Give again, word for word, the lines below that run from the line with "הכתומים רגועים" through the line with "ASOS Curve ASOS". Drop the pictures.

== PROVIDED DATA ==

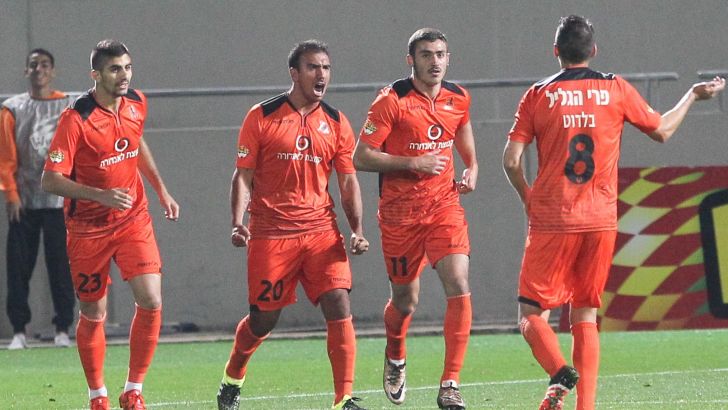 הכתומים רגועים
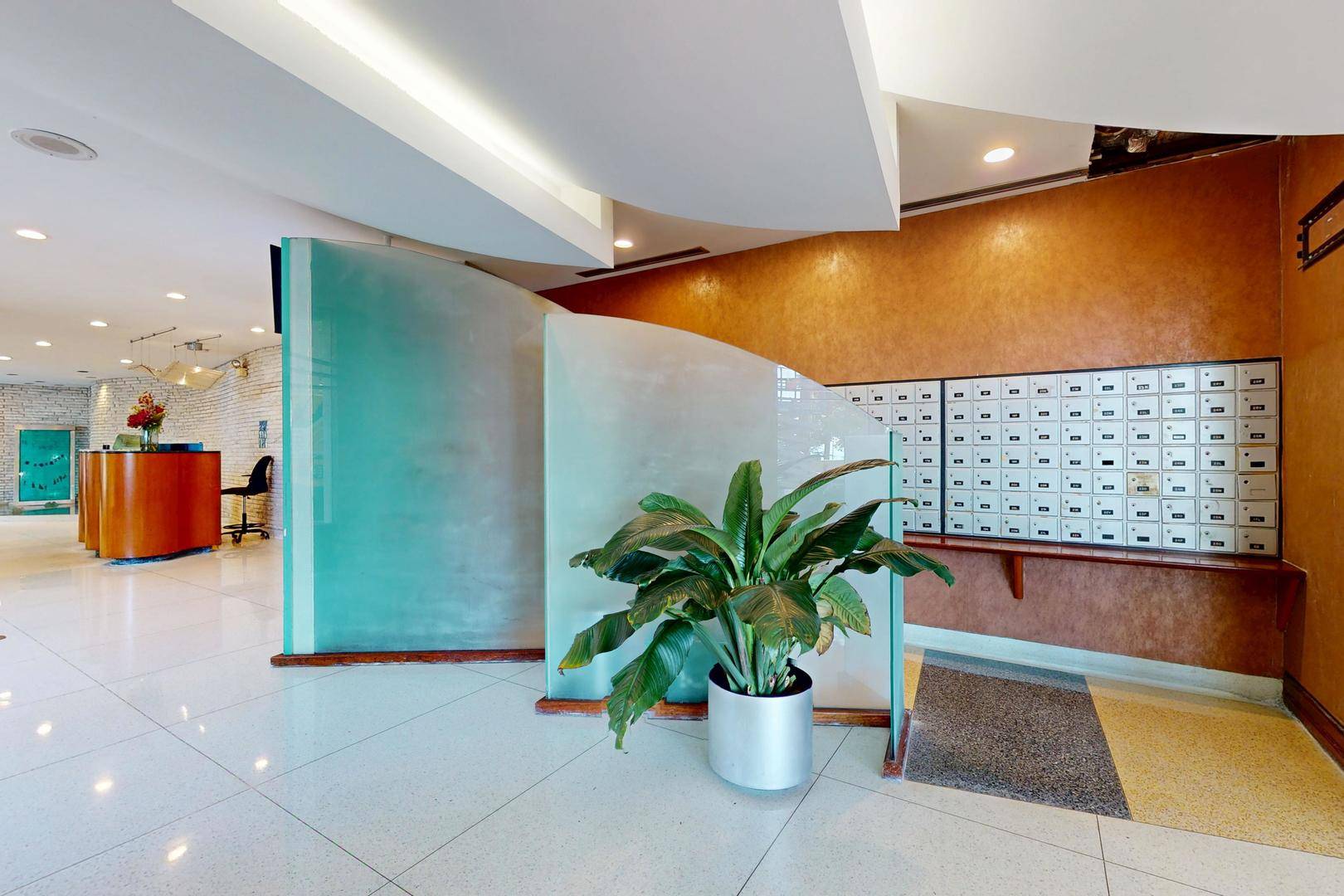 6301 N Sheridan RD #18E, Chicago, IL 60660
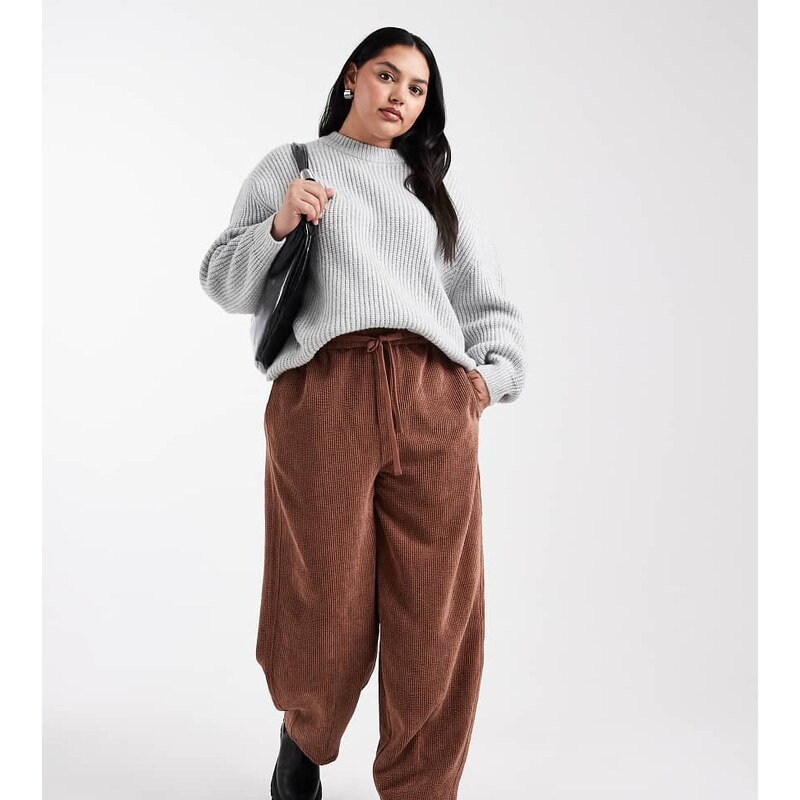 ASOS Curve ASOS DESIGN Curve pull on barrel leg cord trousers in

===
== PROVIDED DATA ==

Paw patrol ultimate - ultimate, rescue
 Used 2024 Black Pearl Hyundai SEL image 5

===
== PROVIDED DATA ==

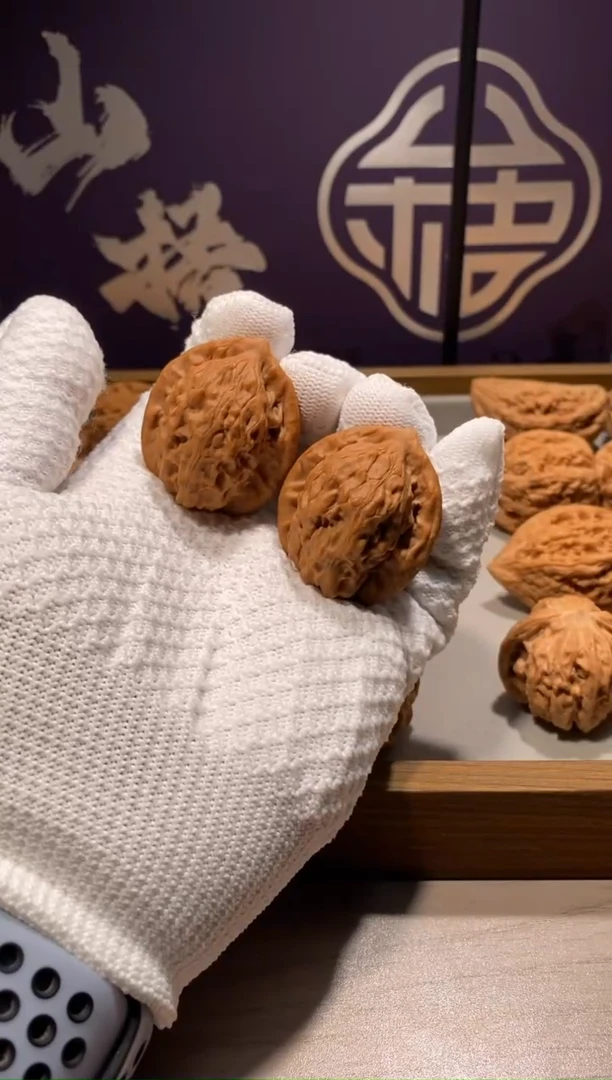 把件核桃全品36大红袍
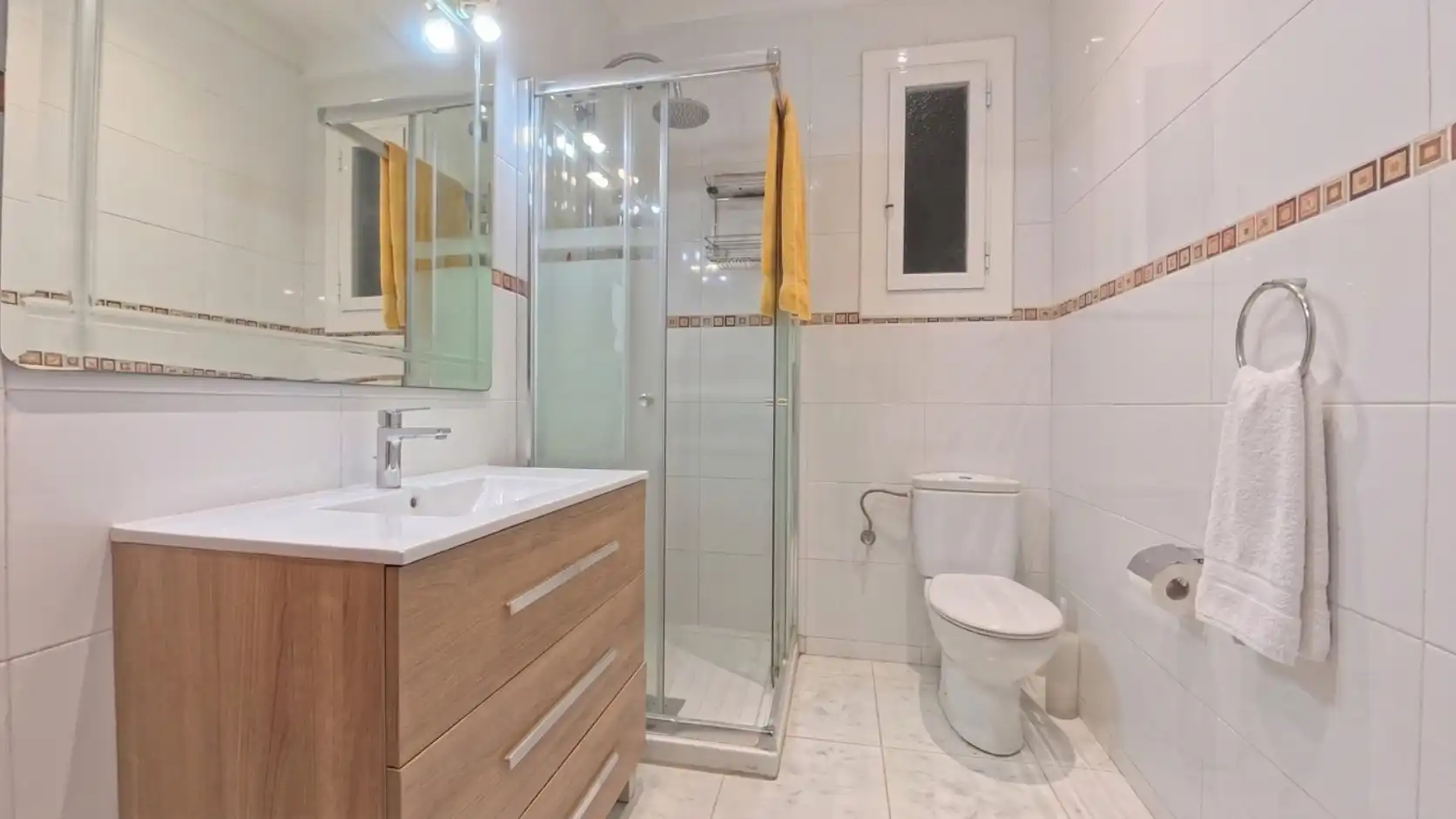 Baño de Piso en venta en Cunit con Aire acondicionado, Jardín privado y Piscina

===

### [THE COMPLETED TASK]
 הכתומים רגועים
 6301 N Sheridan RD #18E, Chicago, IL 60660
 ASOS Curve ASOS DESIGN Curve pull on barrel leg cord trousers in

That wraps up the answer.